I know plenty of people with 1,000+ "friends" on LinkedIn. They don't know even 10% of those people close enough to introduce you, or provide a vouch. As a result, I no longer turn to LinkedIn. Too many of my "can you introduce me to" mails get back a "yeah, I don't really know them" response. There are too many incentives to "grow your network" by adding people you don't know, and not enough incentives to have a high value network, by having it be built on personal relationships.
So the magic is gone. The upward trend might continue a bit longer like a rocket who's motor has burned out as they add students and such, but the ultimate trajectory here is down unless some major course correction, in the form of dumping people you don't know, occurs.
The whole point of Linkedin (Score:4, Insightful)
If not, it's probably time to abandon my linkedin account.
Re:LinkedIn much worse than Facebook (Score:5, Insightful)
It doesn't let you block people, and it lets people know when you've visited their profile. It's fucking creepy as hell, and yet everyone gets on Facebook's case instead
That's appropriate for a professional network, but would be terrible for a personal network. Even compared to putting personal stuff on Facebook, putting personal stuff on Linkedin is unwise.
My linkedin profile is my resume, word-for-word if differently arranged. I don't care who sees it, because it is explicitly my "public face". And it's quite nice to know month-by-month how many people see my page, as a sort of vague gauge of employment market temperature - if I paid to see who among those who visited were recruiters, it would even be somewhat accurate, but I don't care that much.
LinkedIn is supposed to be the stuff you make public and want others to see, so no, I don't find that stuff creepy at all. Of course, if younger people start using it differently, then the creepy factor could escalate.
Linked-In the new home of Resume Padding (Score:5, Insightful)

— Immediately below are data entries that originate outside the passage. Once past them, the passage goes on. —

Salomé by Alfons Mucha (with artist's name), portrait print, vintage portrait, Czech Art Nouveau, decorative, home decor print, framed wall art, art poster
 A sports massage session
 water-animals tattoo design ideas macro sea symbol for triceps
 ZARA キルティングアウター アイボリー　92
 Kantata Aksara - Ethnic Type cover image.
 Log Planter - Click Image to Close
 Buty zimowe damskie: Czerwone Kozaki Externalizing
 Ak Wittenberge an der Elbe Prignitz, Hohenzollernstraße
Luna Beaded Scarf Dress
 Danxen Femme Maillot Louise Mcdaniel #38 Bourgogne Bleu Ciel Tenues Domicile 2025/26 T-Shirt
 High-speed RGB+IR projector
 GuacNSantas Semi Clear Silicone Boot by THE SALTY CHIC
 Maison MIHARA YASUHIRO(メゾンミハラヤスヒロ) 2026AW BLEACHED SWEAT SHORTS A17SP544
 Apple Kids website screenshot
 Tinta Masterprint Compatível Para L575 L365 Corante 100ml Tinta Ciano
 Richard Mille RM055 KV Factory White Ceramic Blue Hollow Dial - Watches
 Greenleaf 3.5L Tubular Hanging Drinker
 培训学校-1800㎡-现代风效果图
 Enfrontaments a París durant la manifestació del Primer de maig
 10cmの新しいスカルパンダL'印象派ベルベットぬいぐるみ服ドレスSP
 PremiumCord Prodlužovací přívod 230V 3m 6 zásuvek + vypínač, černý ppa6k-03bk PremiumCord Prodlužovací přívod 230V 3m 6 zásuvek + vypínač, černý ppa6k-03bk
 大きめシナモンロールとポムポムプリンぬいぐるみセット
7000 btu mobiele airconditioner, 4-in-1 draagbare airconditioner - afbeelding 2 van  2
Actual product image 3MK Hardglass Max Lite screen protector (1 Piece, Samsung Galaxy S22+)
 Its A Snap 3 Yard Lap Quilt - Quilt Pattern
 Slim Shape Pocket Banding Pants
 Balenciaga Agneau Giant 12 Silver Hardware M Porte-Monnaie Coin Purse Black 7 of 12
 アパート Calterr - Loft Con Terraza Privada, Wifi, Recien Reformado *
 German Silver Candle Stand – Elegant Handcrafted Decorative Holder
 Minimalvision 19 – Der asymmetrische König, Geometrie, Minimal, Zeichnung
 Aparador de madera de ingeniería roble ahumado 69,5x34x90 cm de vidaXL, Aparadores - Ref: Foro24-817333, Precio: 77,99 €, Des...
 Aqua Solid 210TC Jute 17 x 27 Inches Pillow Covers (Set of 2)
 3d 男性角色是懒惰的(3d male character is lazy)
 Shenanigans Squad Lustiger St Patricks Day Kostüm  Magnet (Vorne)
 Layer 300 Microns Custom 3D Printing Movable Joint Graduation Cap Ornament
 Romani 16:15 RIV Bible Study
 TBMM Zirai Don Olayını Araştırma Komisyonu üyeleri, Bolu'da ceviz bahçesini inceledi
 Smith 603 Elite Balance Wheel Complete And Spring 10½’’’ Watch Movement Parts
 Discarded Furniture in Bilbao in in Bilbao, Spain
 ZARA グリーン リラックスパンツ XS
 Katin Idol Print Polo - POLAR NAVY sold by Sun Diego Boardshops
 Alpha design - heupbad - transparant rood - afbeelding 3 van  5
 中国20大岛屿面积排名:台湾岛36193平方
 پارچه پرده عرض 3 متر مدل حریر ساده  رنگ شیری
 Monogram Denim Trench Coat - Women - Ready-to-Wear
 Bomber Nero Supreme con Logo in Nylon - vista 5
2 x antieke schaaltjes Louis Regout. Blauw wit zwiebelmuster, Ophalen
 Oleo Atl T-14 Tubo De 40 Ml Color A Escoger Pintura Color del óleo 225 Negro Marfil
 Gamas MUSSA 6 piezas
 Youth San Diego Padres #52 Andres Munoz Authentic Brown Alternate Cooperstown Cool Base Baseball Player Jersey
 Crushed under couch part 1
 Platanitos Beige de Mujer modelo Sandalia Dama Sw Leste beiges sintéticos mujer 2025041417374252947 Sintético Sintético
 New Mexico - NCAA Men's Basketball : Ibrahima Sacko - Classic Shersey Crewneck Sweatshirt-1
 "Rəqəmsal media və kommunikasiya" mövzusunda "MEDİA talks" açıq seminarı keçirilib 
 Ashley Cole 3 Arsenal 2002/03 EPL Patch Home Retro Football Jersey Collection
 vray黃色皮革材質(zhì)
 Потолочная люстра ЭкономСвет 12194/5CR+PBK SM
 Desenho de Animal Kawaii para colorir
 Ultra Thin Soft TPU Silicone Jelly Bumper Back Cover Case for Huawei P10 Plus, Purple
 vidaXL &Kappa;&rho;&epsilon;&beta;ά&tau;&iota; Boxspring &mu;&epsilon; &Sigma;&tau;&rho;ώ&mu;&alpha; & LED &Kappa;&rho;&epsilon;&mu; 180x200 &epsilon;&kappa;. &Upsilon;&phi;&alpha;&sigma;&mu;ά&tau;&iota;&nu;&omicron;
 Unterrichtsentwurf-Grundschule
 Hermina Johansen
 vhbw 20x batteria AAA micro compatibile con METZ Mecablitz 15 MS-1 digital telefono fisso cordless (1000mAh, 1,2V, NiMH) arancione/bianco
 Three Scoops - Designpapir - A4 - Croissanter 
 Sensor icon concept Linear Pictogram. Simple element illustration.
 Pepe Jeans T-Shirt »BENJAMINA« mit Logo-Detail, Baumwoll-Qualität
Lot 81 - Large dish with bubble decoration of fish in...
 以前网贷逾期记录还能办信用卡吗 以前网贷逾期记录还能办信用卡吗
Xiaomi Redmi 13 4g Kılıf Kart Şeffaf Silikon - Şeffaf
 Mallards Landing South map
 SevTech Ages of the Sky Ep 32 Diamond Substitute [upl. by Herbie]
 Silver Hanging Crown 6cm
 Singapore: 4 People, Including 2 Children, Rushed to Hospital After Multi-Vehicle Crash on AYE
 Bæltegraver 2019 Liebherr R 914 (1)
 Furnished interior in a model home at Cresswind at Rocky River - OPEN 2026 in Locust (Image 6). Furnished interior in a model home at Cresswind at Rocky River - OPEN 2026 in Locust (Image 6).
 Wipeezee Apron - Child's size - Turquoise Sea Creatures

At one time I had a Linkedin account, then I got rid of it. I still periodically look out there at people I've worked with. Let's see there was the Director in the Architecture Group at one organization that labelled his time as Director of Architecture. Of course there's the CIO that was CIO for three months then was fired but his Linkedin profile says he was CIO for two years at that organization. Some old habits die hard I guess, it's just now billions of people can see it.
Then there's the incessant asks from people that I've worked with to recommend them on Linkedin, which is now the substitute for what we call references. Sorry Joe, I can't recommend you because while we worked at the same place we never really worked on any projects together and from what I recall you were always late to meetings and people called you stinky behind your back when you weren't looking.
Sorry Linkedin, you like other Social Media sites are off of my list for good, you don't help me get my gigs and you certainly don't help me keep my confidential information confidential. That's not what they're about, I get it, but no, I'm not turning my CV over to your organization, not today not tomorrow, not ever.
Re:They ruined what made it successful already. (Score:5, Insightful)
I have found exactly the opposite- people endorsing me that know nothing about my skills, which makes me very suspicious of other peoples endorsements.
Re:They ruined what made it successful already. (Score:3, Insightful)
I totally agree, recommendations are one thing, but the endorsements are worthless, 95% of the people who have given me endorsements could not possibly know in the slightest what I'm good at in terms of those skills. What happens is Linkedin gives them a prompt occasionally to "Endorse so-and-so for this skill" and they click "ok".